Beanie: Borrowed (Brand: Supreme), Necklace: eBay, Tank: Morning Warrior via Nasty Gal, Shorts: Bad Vibes, Tibetan Stone Cuff: c/o Hot Trash Vintage
Nothing says "fun times" like a gathering that includes every member of your immediate family and step-family, your boss(es), your old BFF from high school who you haven't talked to since MySpace, plus a cast of additional characters reminiscent of a Real Housewives of Orange County meets Sons of Anarchy mishmash. My anxiety leading up to this pre-matrimonial formality was filled with thoughts like "How the fuck are these people going to get along?" and "How did WE ever become friends?" and "Can I get wasted at my own party?"
The smorgasbord of vastly different people who showed up got me thinking. I've assimilated myself among a completely varying slew of personalities over the years, which I look back on and feel sort of odd about. I guess it's because I grew up in an environment that encouraged me to be who my parents wanted me to be. (Which is nothing unique in itself.) But to be cajoled into becoming a scientist/a doctor/a lawyer your entire life by two individuals who (1) wanted to see their daughter in a certain image and (2) wanted me to "use my brains" (as if using your brains meant something strictly academic) is not something that ever really felt right. I was tugged in multiple directions and surrounded myself with completely miscellaneous crowds while I tried to figure out who I wanted to be and who I thought I was.
While the parents did encourage and promote feminist values such as being a successful and financially independent woman, there was always a strong pressure to "look pretty" as a part of that job description. I adhered to that expectation for quite a long time, while woefully gazing at eccentrically angelic women whose beauty lied outside the constraints of conventional female ideals. Tattoos, unkempt hair, clothing not found in department stores...These were all things that were "unpretty" by many sets of standards. They were aesthetic choices that I wasn't "supposed" to admire. It's a strange thing -- to think that you don't like something but then realize that you actually do. And you like it more than what you liked before. And what you liked before you actually hate.

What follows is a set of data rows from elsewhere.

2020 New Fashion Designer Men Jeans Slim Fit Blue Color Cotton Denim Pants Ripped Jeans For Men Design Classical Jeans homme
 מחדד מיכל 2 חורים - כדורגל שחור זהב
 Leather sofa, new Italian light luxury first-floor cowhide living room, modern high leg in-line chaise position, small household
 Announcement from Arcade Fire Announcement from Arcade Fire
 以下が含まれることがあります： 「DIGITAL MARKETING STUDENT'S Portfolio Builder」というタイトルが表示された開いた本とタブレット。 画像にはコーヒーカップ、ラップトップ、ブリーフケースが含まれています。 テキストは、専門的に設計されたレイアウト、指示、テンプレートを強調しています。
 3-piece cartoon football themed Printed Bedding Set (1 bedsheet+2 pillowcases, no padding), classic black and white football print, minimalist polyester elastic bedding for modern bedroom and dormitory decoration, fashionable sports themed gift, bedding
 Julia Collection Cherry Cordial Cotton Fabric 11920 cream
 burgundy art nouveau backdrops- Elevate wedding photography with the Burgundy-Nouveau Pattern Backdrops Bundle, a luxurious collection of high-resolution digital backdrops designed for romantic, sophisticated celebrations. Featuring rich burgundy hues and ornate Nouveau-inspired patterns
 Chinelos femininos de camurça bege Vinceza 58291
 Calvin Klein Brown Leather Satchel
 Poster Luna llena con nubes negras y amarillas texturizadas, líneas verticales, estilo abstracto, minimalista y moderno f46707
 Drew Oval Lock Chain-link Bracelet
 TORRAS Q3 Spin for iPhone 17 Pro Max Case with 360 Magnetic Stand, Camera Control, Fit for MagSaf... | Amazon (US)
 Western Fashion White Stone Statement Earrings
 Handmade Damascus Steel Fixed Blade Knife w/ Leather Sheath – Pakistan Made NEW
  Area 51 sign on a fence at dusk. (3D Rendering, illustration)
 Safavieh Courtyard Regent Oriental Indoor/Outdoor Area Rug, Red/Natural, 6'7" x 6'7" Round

I can't help but wonder...How much of who you are is expressed by your choice of appearance? What does your image say about what your priorities and values are? I believe it says quite a lot. In a really old, old post of mine I talked about something like this. About how people dress for comfort, function, job description, sex appeal or self expression (well, maybe sex appeal is a form of self expression). In my case, the urge to dress in a way to publicly express who I am is strong and unyielding. It's part of who I am and it has played a ridiculously huge role in my journey of self-actualization.
I've long shaken off the old preferences to looking like a teenage Barbie doll, but I haven't shaken off the importance I place on my appearance. My outfit can affect my mood, my attitude and the way I experience any given day. Maybe this is something that people never talk about or maybe most people don't even think about this stupid shit. What can I say...I guess I just can't help it.